Sigue el escándalo por las visitas a Olivos: el presidente festejó fin de año en un evento con 72 dirigentes K

0
103
“Aquellos que vulneren esta medida, tendrán que rendir cuentas ante la ley”, había amenazado el presidente, pero la ley no rige para todos igual Las fichas de ingreso a la Quinta de Olivos no sólo revelaron la fiesta cumpleaños del presidente: durante el mes de diciembre, mientras Alberto Fernández exigía en sus numerosas cadenas nacionales que las reuniones de fin de año no superen las diez personas para cuidarnos del avance del coronavirus, él organizó una fiesta con 72 invitados.

“Aquellos que vulneren esta medida, tendrán que rendir cuentas ante la ley”, había amenazado el presidente, pero la ley no rige para todos igual. “Podemos recuperar 11 por ciento de caída de la economía, el aumento de la pobreza y de la desocupación. Lo que no se puede recuperar es una vida. Es una falta dicotomía, un dilema falso”, también aseguró.

Mientras las familias se encontraban programando las fiestas de fin de año, tratando de coordinar cómo llevarlas adelante sin reunir a más de diez personas bajo el peso de la vigilancia estatal y la amenaza de costosas multas y causas penales, el presidente Alberto Fernández organizó un evento para 72 personas en el quincho de la Quinta de Olivos.

Según informó Real Politik, este fue llevado adelante el 30 de diciembre por la tarde, con la presencia de la crema y nata del kirchnerismo nacional. Cristina Álvarez, Gabriela Cerruti, Mónica Macha, Gisela Marziotta, Nicolás Rodriguez Saá, Rodolfo Tailhade, Hugo Yasky, Facundo Moyano, Mónica Macha, Ramiro Gutiérrez, Gabriela Estévez, Gabriela Cerruti, Claudia Bernazza y hasta el propio ministro de Justicia de la Nación, Martín Soria, se apersonaron en Olivos para el brindis.

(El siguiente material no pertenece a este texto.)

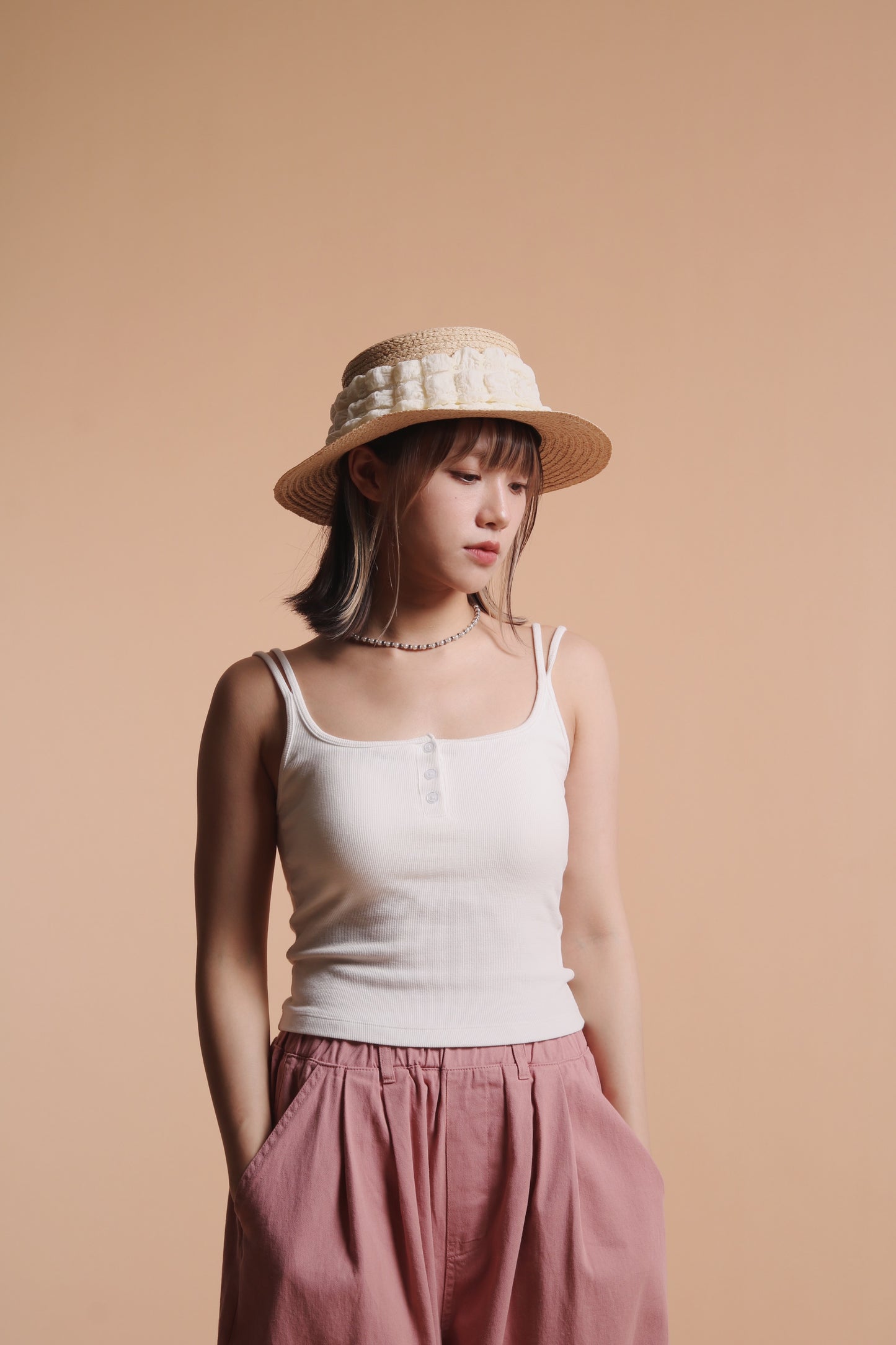 Bubble Straw Hat (Black/Ivory/Mustard)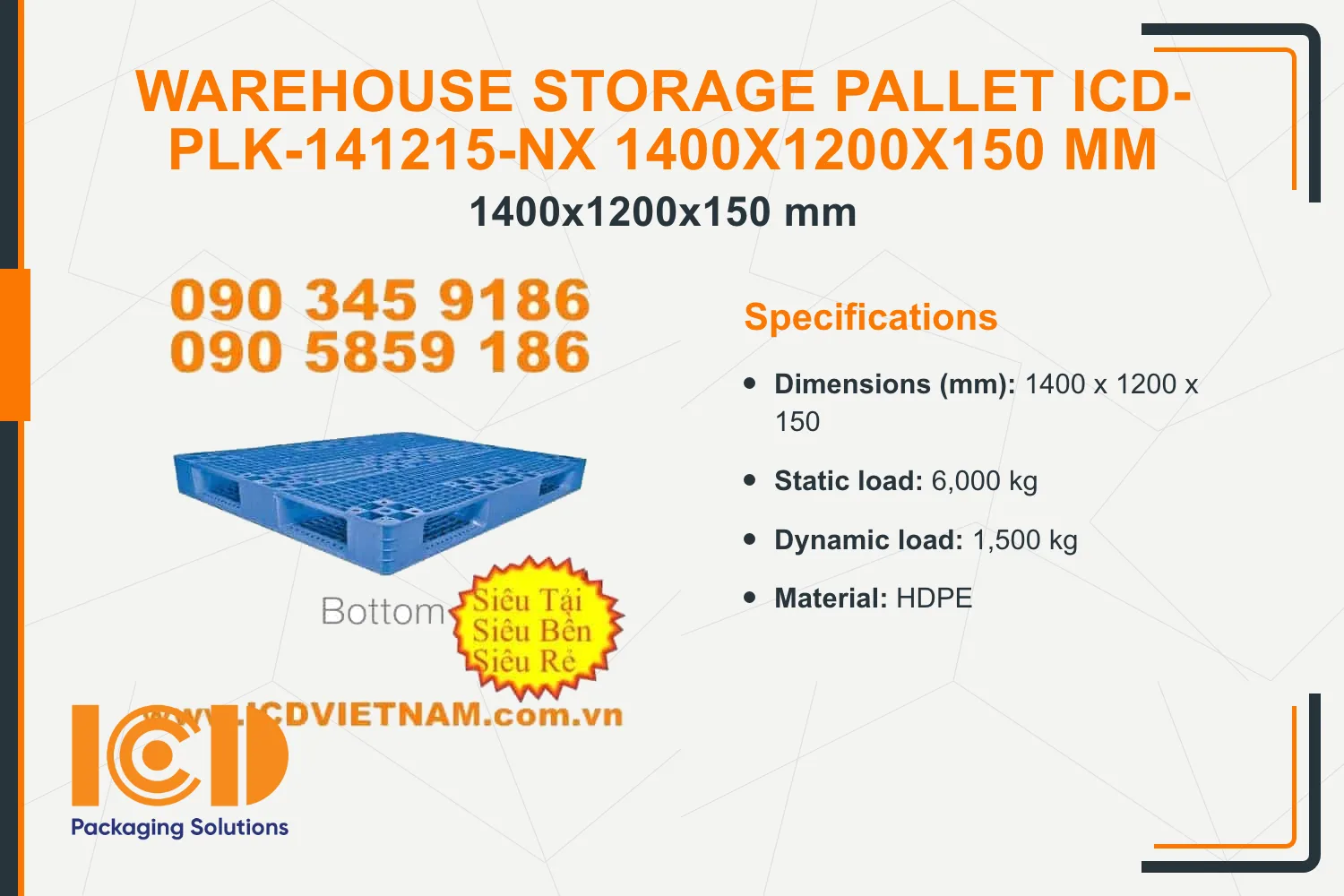 Warehouse Storage Pallet ICD-PLK-141215-NX 1400x1200x150 mm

Las normas impuestas por el gobierno nacional parecieran tener poco y nada que ver con algún criterio sanitario. El simple hecho de que los funcionarios nacionales que regresan del exterior no tengan que hacer la correspondiente cuarentena es tan sólo un ejemplo más de tantos. Resulta imposible encontrar el manual epidemiológico que asegure que un político no contagia coronavirus, del mismo modo que cualquier otro ser humano. Sin embargo, una vez más, las normas parecieran no aplicar a la clase política.